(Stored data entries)
------------

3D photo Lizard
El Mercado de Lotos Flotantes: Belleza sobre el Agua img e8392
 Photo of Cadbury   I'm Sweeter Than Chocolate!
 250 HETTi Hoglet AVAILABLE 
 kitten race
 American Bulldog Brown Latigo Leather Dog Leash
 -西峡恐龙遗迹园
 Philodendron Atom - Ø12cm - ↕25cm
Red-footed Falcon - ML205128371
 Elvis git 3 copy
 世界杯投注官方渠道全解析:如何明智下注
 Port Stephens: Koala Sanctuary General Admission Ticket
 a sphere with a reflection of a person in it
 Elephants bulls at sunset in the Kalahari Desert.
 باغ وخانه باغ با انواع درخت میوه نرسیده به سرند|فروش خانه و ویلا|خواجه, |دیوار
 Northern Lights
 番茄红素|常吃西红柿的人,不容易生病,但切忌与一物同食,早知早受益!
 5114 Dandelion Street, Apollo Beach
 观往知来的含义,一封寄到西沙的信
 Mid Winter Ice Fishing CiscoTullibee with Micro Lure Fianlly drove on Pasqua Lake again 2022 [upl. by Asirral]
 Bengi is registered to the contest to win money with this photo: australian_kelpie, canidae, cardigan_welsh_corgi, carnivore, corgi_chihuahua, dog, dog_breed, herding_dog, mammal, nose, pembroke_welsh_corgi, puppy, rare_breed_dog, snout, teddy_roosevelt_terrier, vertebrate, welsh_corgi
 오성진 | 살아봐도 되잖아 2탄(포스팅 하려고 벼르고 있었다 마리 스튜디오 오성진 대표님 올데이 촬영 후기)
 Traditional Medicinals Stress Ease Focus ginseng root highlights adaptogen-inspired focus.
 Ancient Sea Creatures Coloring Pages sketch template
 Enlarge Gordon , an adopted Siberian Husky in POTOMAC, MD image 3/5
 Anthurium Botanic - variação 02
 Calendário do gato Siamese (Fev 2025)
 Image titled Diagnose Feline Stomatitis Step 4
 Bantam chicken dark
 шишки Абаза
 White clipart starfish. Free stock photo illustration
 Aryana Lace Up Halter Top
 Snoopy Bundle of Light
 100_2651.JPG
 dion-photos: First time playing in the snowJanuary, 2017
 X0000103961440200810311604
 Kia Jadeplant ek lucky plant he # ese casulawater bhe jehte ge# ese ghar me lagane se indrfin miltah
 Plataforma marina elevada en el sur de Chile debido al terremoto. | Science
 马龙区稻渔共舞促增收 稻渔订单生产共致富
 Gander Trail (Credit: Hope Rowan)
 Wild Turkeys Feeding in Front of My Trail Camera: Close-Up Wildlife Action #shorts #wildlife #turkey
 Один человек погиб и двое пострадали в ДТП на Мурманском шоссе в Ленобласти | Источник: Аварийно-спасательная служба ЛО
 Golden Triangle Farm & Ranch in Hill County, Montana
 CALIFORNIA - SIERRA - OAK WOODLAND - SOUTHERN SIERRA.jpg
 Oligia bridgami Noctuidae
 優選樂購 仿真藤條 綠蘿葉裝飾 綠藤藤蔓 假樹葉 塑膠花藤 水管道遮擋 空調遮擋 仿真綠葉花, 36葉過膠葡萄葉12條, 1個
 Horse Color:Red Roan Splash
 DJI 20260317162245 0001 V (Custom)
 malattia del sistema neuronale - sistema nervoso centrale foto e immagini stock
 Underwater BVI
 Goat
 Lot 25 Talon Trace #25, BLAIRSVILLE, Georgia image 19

------------

Your answer should be each line of the data that contains the word "with", copied as it stands.

 a sphere with a reflection of a person in it
 Mid Winter Ice Fishing CiscoTullibee with Micro Lure Fianlly drove on Pasqua Lake again 2022 [upl. by Asirral]
 Bengi is registered to the contest to win money with this photo: australian_kelpie, canidae, cardigan_welsh_corgi, carnivore, corgi_chihuahua, dog, dog_breed, herding_dog, mammal, nose, pembroke_welsh_corgi, puppy, rare_breed_dog, snout, teddy_roosevelt_terrier, vertebrate, welsh_corgi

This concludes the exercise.